Hope Sandoval & the Warm Inventions chronology
| At the Doorway Again (2000) | Bavarian Fruit Bread (2001) | Through the Devil Softly (2009) |

= Bavarian Fruit Bread =

Bavarian Fruit Bread is the debut studio album from Hope Sandoval, the vocalist of Mazzy Star, and Colm Ó Cíosóig, the drummer of My Bloody Valentine, released under the name Hope Sandoval & The Warm Inventions on October 23, 2001 by Sanctuary Records in the United States and on November 5, 2001 by Rough Trade in the United Kingdom.

"Suzanne," the album's first and only official single, became a minor hit, with its accompanying music video, directed by Elise Collins, receiving heavy rotation on MTV2 in both the US and UK. A few songs on the album, including "Suzanne", pre-date the formation of Mazzy Star.

Seminal folk musician Bert Jansch performed guitar on two songs on the album, "Charlotte" and "Butterfly Mornings," the latter being a cover of a song used in the 1970 film The Ballad of Cable Hogue, where it appeared under its original title of "Butterfly Mornings and Wildflower Afternoons." A large portion of "Butterfly Mornings" was used in an advert for Irish TV channel Setanta Sports during Christmas period 2009.

The Japanese and Australian releases contain a thirteenth track, "Sparkly", as a bonus track; it is identical to the track of the same name that appears on the accompanying At the Doorway Again EP, which was released over a year before its parent album.

The album entered and peaked at #39 on Billboard's Top Heatseekers chart.

==Critical reception==

Initial critical response to Bavarian Fruit Bread was generally positive. According to Metacritic, which assigns a normalized rating out of 100 to reviews from mainstream critics, the album received an average score of 75 out of 100, based on 15 reviews.

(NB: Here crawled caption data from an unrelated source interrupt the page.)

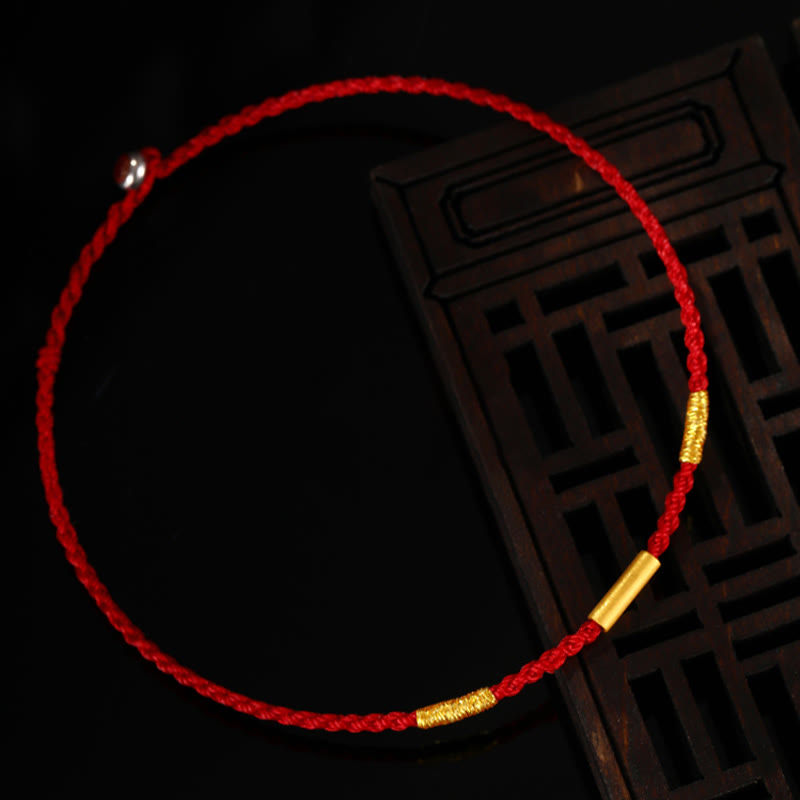 KarmaRipple's 999 Gold Bead Handmade Four Thread Wishful Knots Woven Protection Bracelet p8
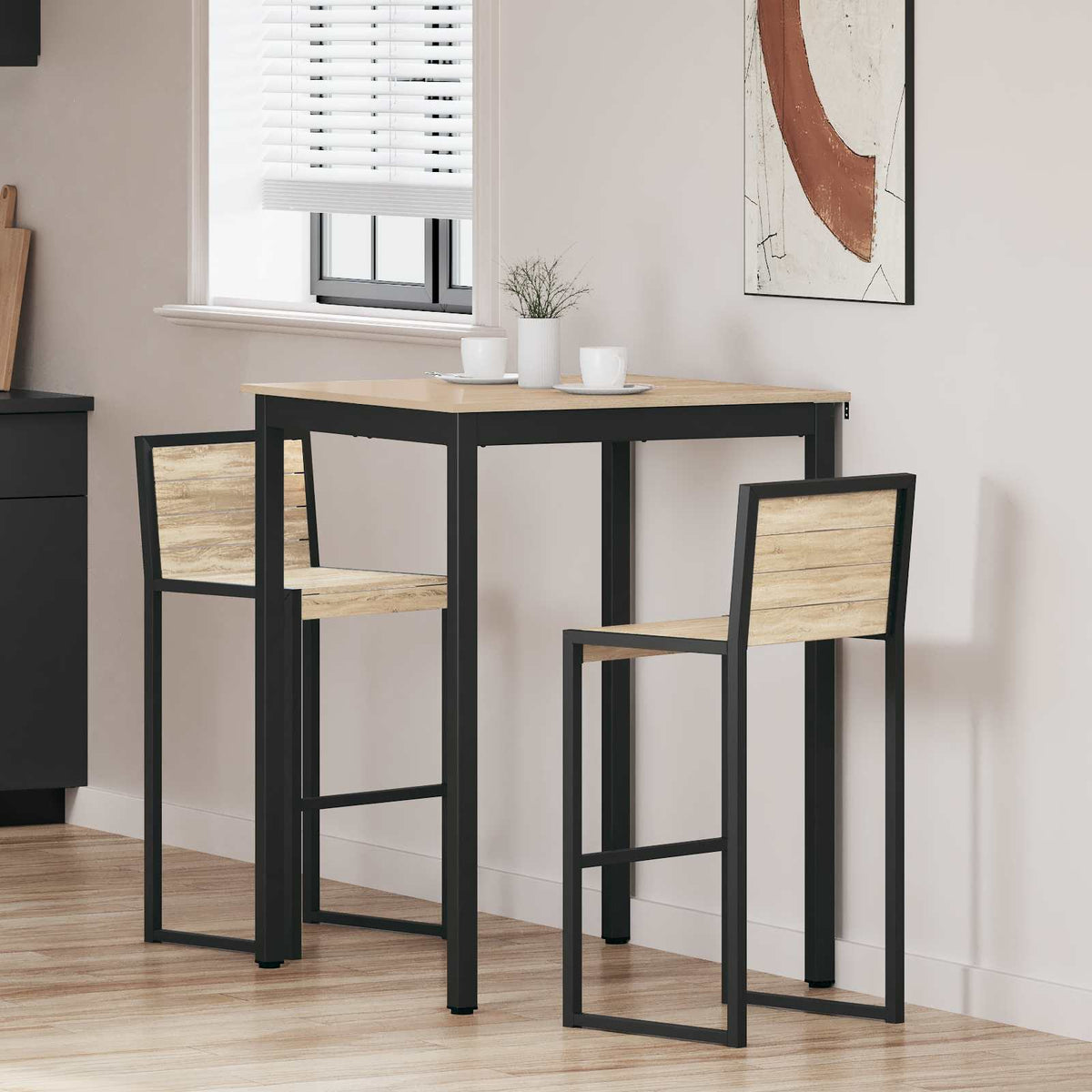 Mesa De Barra De Pie Madera De Ingeniería Cuadrado
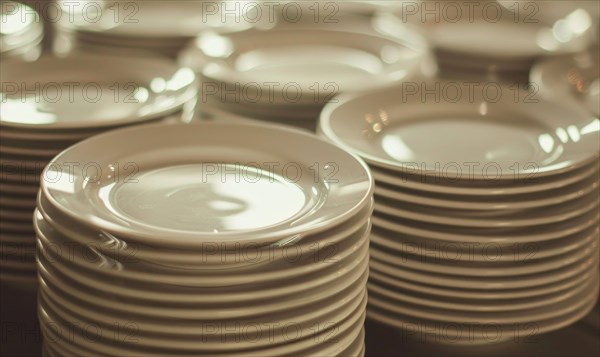 Multiple stacks of white plates under warm lighting, giving a clean and organized impression AI generated
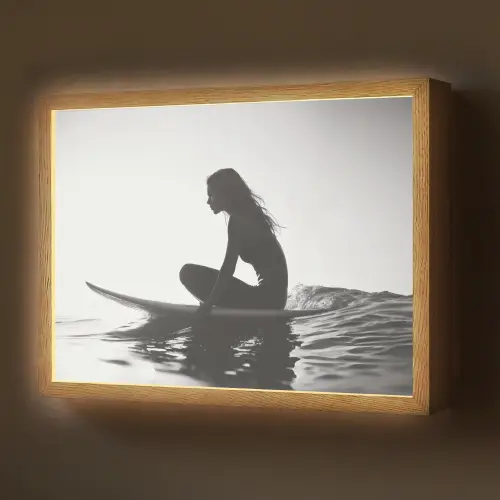 Silhouet - Vrouw - Surfplank - Water Light Box met batterij (Wandlamp) middel -z3d_website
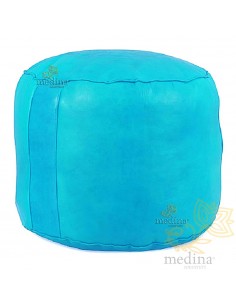 Pouf rond rosace turquoise,... 2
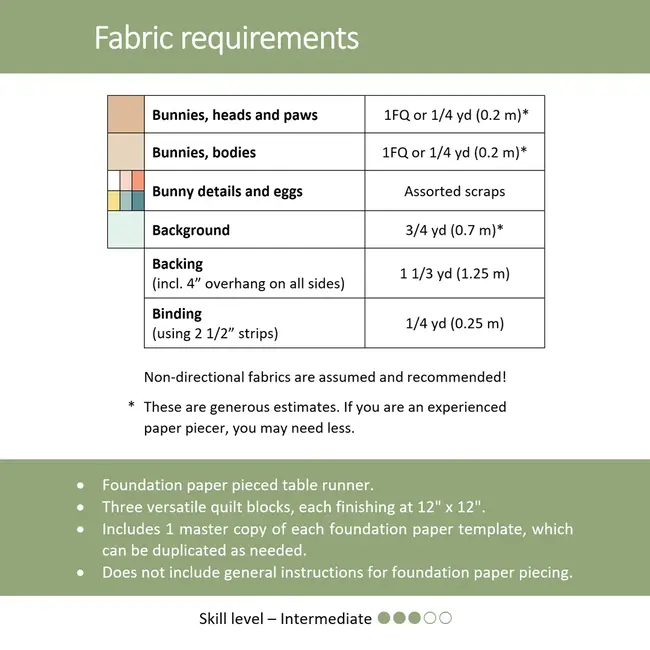 Bunny Trail Table Runner Pattern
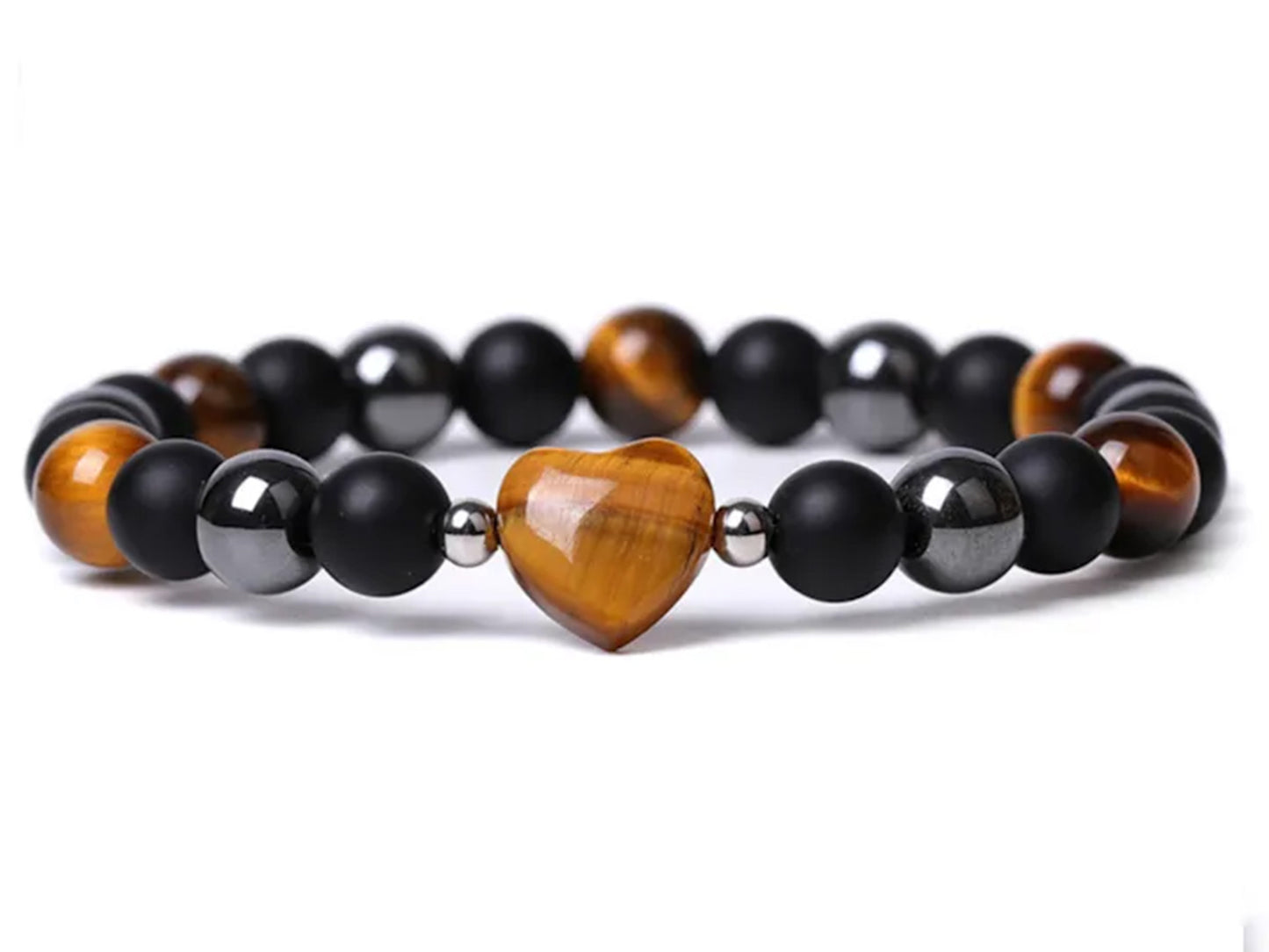 Bracelet coeur en oeil de tigre - 8mm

Many of the positive reviews focused heavily on Sandoval's vocals, with Q magazine stating that "the glacial tones and chimes that The Velvet Underground modelled on "Sunday Morning" are invoked with absolute perfection. Yet even beyond this, Sandoval's sedated, spellbound voice remains a remarkable presence." Lori Miller Barrett, in an overwhelmingly positive review of the album for neumu.net, stated "it's magical and mysterious, compelling and complex," before giving the record a 10 out of 10 score. Alternative Press described the album as "consistently intriguing, haunting and above all, very good," before giving the album a 9 out of 10 score.

Nathan Rooney from Pitchfork criticized the album for lacking a solid shift in theme and sound from that of Sandoval's previous work with Mazzy Star, and wrote that Bavarian Fruit Bread ended up sounding like "a narcissistic and self-paroding record." However, the opening three tracks and the "gorgeous" Charlotte were singled out for particular praise.

Allmusic, whose review—along with the review from Pitchfork—was among the most critical, complimented the album's use of "child-like bells, cello and piano, alt-country electric and chamber-bare acoustic guitar and harmonica gasps," but ultimately dismissed the "minimal" backing tracks as "unsatisfying" and summarized the album as "[not particularly] compelling, striking or affecting."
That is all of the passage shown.